Word for word, please restate the line that contains "The NVivo software" and all lines after it through the end of the material, minus the pictures.
:: RECORD EXCERPTS
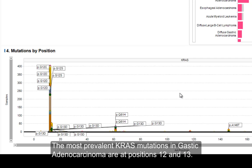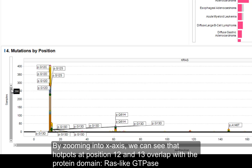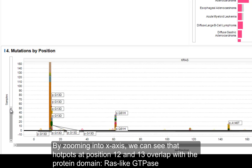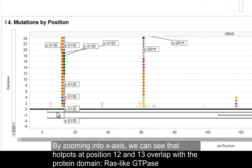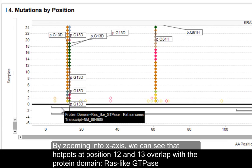We're looking to identify the most prevalent KRAS mutations in gastric adenocarcinoma. Position 12 and position 13 are the most prevalent. If we want to look at functional domains, we can zoom in to look in more detail, and we can see that positions 12 and 13 overlap with a RAS-like GTPase functional motif, or protein domain.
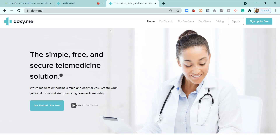Hello friends and welcome to my channel. This is my second video on doxy.me, which is a free, simple, and secure telemedicine platform that you can use for your medical practice to interact with your patients online. You can avoid them having to appear physically in your medical facility due to the pandemic situation. I have explained how to get started with doxy.me in my previous video, and I have given the link in the description.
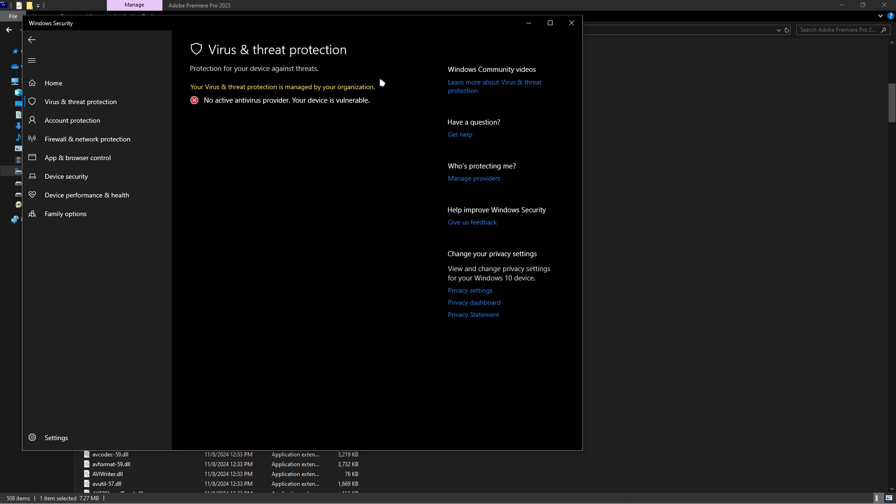You must turn off Virus and Threat Protection. Mine has been fully off on my PC. You should turn this off because it will block the app.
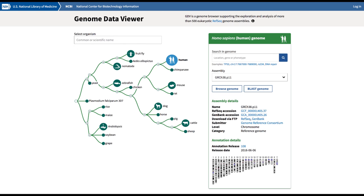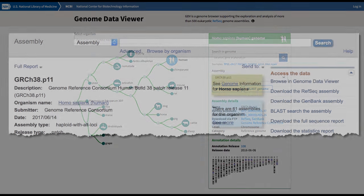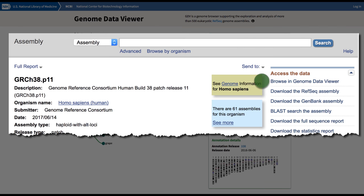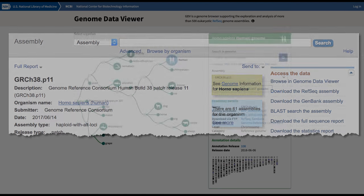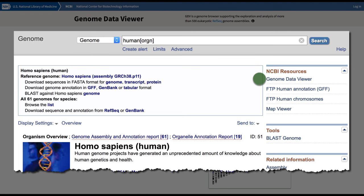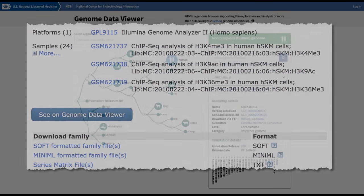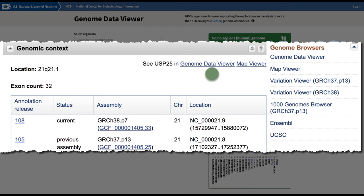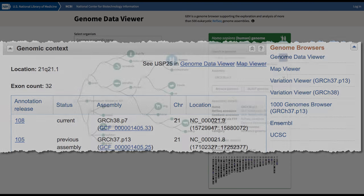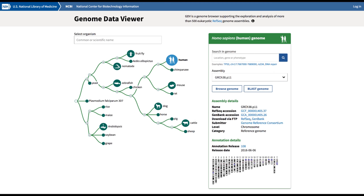That was just a sampling of the genome data viewer's capabilities. Look for links to the GDV on many NCBI record pages, including Assembly, Genome, Geo, Gene, and coming soon to BLAST.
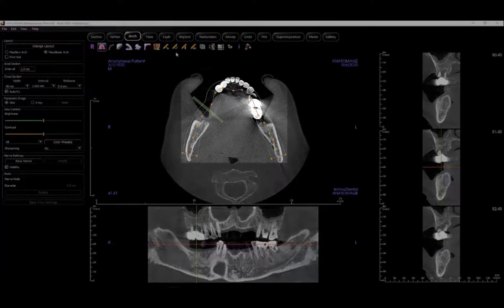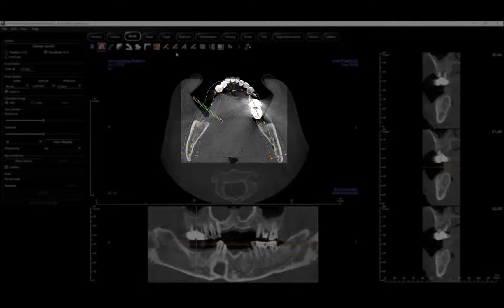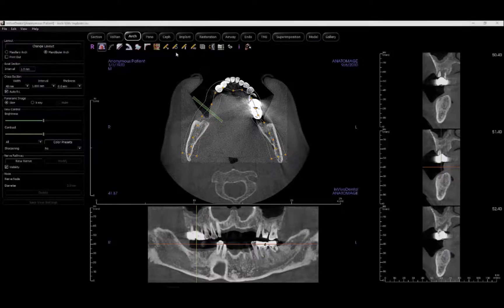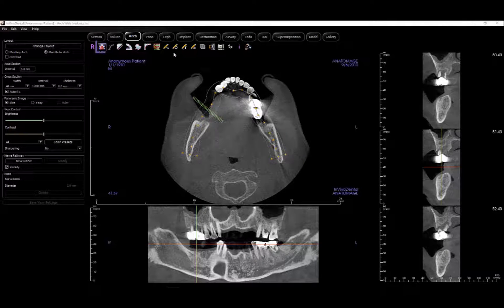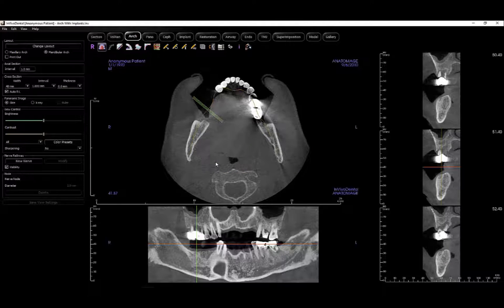The NVivo software predicts an initial arch spline based on density along the arch. This arch spline may need adjustment as all patients are different. You can hide the arch spline shape by clicking on the arch spline tool, or create a new arch spline by clicking again and selecting new.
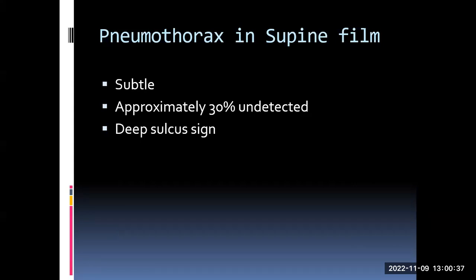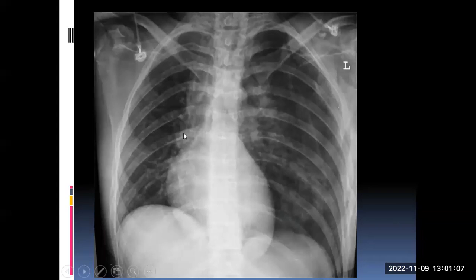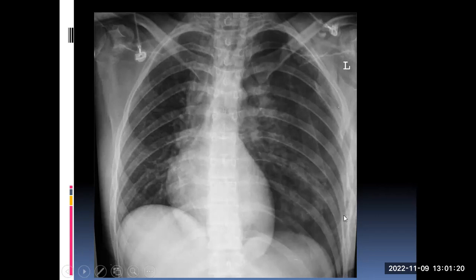That was a PA erect film. Pneumothorax in a supine film is much more subtle — approximately 30% can be missed. This is very important because we need to exclude pneumothorax in trauma patients who are mostly supine. We have the deep sulcus sign for supine films: you can appreciate that one costophrenic angle is very deep compared to the other side, going way beyond it. This is the positive deep sulcus sign. If you look carefully, you can also see the lung edge. Also there is a pitfall with skin folds that can give a false impression of a lung edge; to differentiate, look for lung markings beyond the apparent line, or trace the line to see if it goes beyond the confines of the lung.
::::
- **EXPECTED ANSWER**
The NVivo software predicts an initial arch spline based on density along the arch. This arch spline may need adjustment as all patients are different. You can hide the arch spline shape by clicking on the arch spline tool, or create a new arch spline by clicking again and selecting new.
That was a PA erect film. Pneumothorax in a supine film is much more subtle — approximately 30% can be missed. This is very important because we need to exclude pneumothorax in trauma patients who are mostly supine. We have the deep sulcus sign for supine films: you can appreciate that one costophrenic angle is very deep compared to the other side, going way beyond it. This is the positive deep sulcus sign. If you look carefully, you can also see the lung edge. Also there is a pitfall with skin folds that can give a false impression of a lung edge; to differentiate, look for lung markings beyond the apparent line, or trace the line to see if it goes beyond the confines of the lung.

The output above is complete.